Old houses of Nessebar and Sozopol

The picturesque towns of Nessebar and Sozopol stand proud on the coast of the Black Sea. A stroll in the old parts of this towns will reveal as much architectural history as one can stand. These ancient cities had a tumultuous history, starting from Thrace settlements, then Greek colonies that fell under the conquest of quite a few empires, in order… the Roman Empire, the Byantine Empire interchangeably with the First and the Second Bulgarian Empires. Then, from the 15th century, it fell under the rule of the Ottoman Empire and an economic decline followed. Up until end of the 18th century when the Bulgarian Revival period began and turned the tide, generating a strong economic comeback which, up until end of the 19th century, manifested through a magnificent architecture in the main towns of Bulgaria. In those days, the core of the country was in Veliko Târnovo, where architecure bloomed in form of churches, military or residential buildings. The key role was played by a common team of talented builders originating from the small town of Triavna, near Târnovo. A lot of Bulgarian Revival houses from the Târnovo area (Triavna, Kotel, Arbanassi, Bogentzi, Elena, Drianovo, Kotel) are the work of these builders. They went as far as the Black Sea coast and many of the old 19c houses in Nessebar and Sozopol follow the patterns of the Triavna ”school”, though adapted to local conditions [1].
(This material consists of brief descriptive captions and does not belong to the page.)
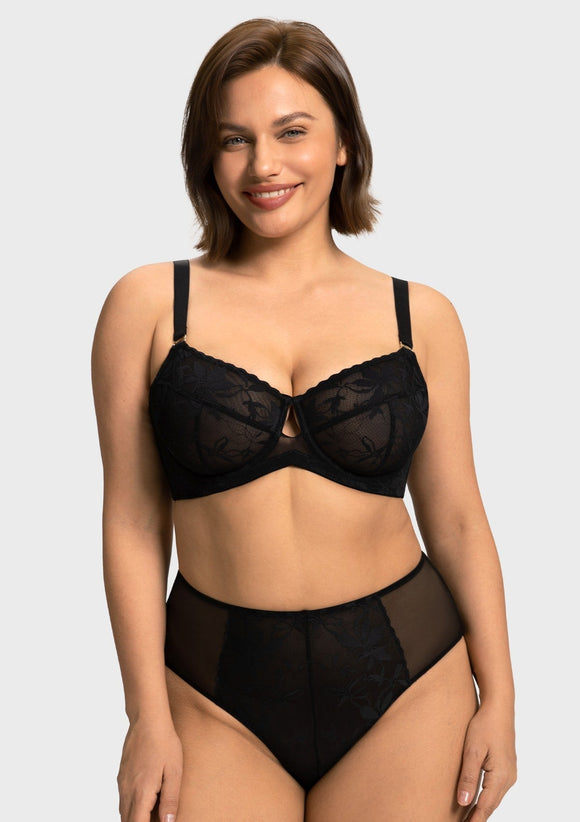 Braveaf Petalia Plus Size Seamless Lace Underwire Balconette Demi No Padded Bra with High Elastic Fabric Delicate Lace Trim Cutout & Adjustable Straps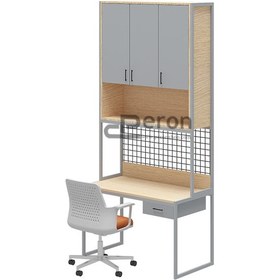 Resim Depo Personel Masası - beyaz (Ral 9003) / meşe/gri / 140cm 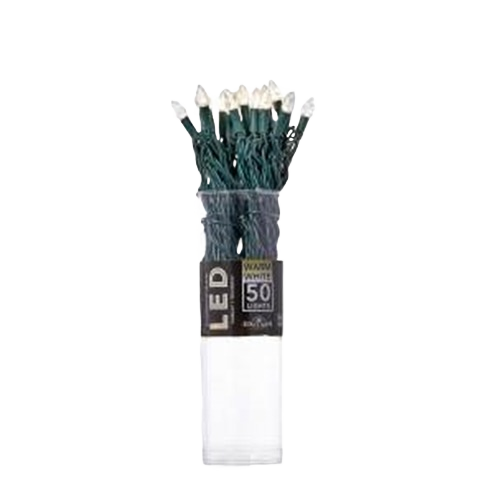 Compact bundle of warm white LED string lights with green wiring, featuring 50 energy-efficient bulbs for home improvement use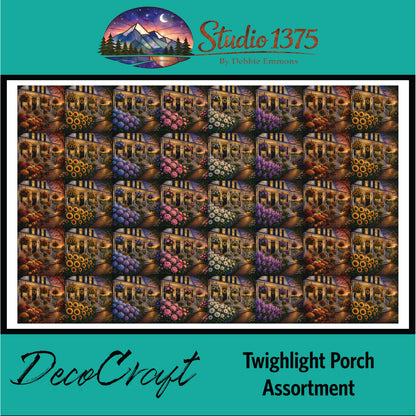 DecoCraft - Studio 1375 - Scenic Tiles Series - Twilight Porch Extra Small Assortment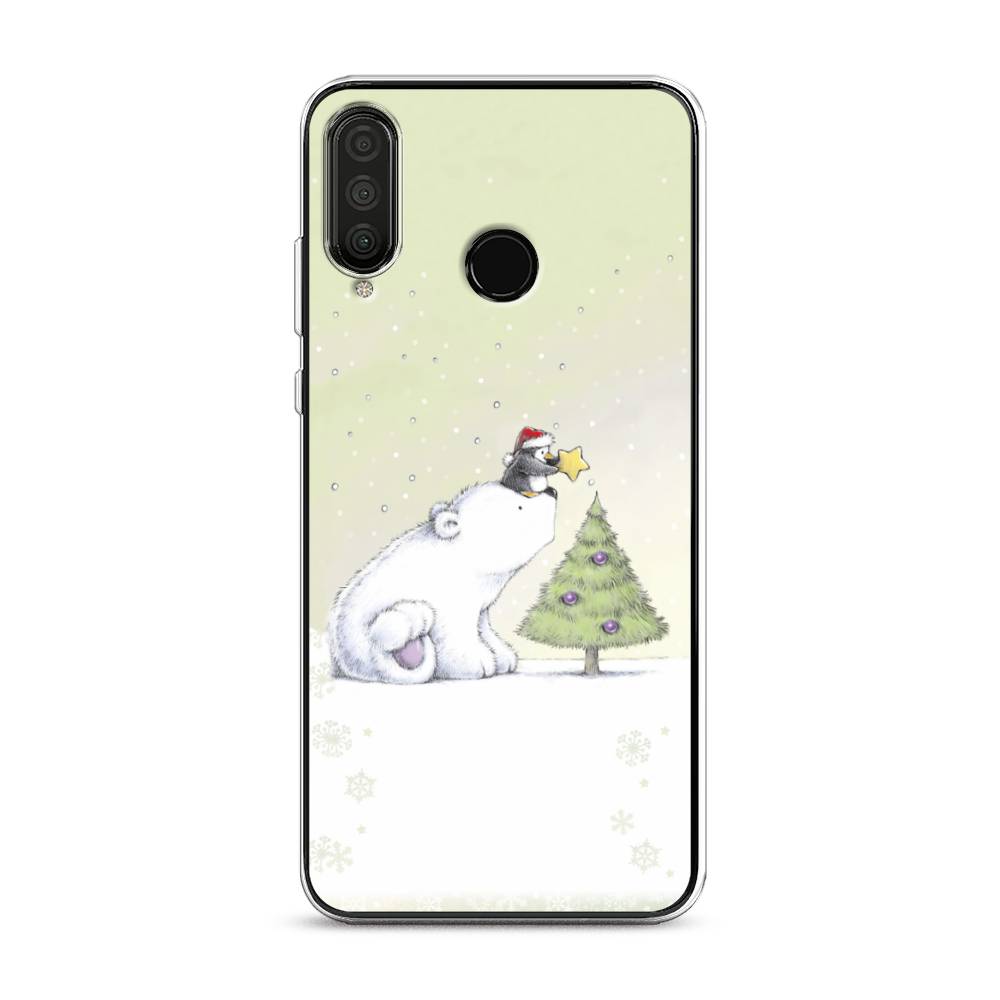 

Чехол на Huawei P30 Lite "Украшение елки", Белый;бежевый, 67950-5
There will be a separate dedicated post on the archetype of the Bulgarian house of Triavna School and how this influences other typologies in Bulgaria, but for now let’s follow the quiet1 walk in these towns. For centuries, just like other towns placed on the sea coasts in the Mediterranean or Black Seas, the streets in Nessebar and Sozopol did not follow an ordered rectangular grid, but they were narrow and winding. There are two reasons for that, mainly caused by the extreme weather conditions: scorching sun in the summer and strong winds in the winter. A rectangular street grid would allow the wind to freely circulate and would cause serious drifts on the streets. Walking or sitting outside in cold winter days would thus be not easily possible. On the other hand, the streets are narrow with respect to the height of the buildings, not allowing the sun rays to directly fall on the ground or on the balconies, where the sitting areas in the summer days would be. The streets are occasionally hilly and a draining sewer is created on the central axis to collect the rain water from the rain pipes.

”Urban planning” in Nessebar. Streets are narrow and winding to prevent the wind or the sun from affecting the walking or the outside sitting. Triangular sahnisi’s are intricated and block the direct sunlight.

The typical house has two or three floors. The ground floor has thick stone walls to avoid humidity and maintain a constant temperature even in the summer days. It is used as a cellar or storage area. It has interior staircase leading to the first floor where the living area is. Here one can find the kachta, where the living room is, and the dormitories.

Also seen in the house plan is the frequent use of sahnisi. There are various types of sahnisi, with some of them being triangular, while other rectangular. The triangular sahnisi has two purposes. As it can be seen clearly in the pictures, triangular sahnisi’s can get better intricated and cover the street, which would be more difficult to achieve with rectangular sahnisi’s. There is another generic reason why triangular sahnisi’s are employed. Because of the street plan, the footprint of each house is irregular. Normally the ground floor does follow the shape of the plot and also has an irregular shape. However, for practical reasons, the plan of the first floor has to be recangular to allow for a regular division of the space in rooms. This regular (typically rectangular) plan of the first floor is created by allowing this to protrude into the ground floor and create the sahnisi.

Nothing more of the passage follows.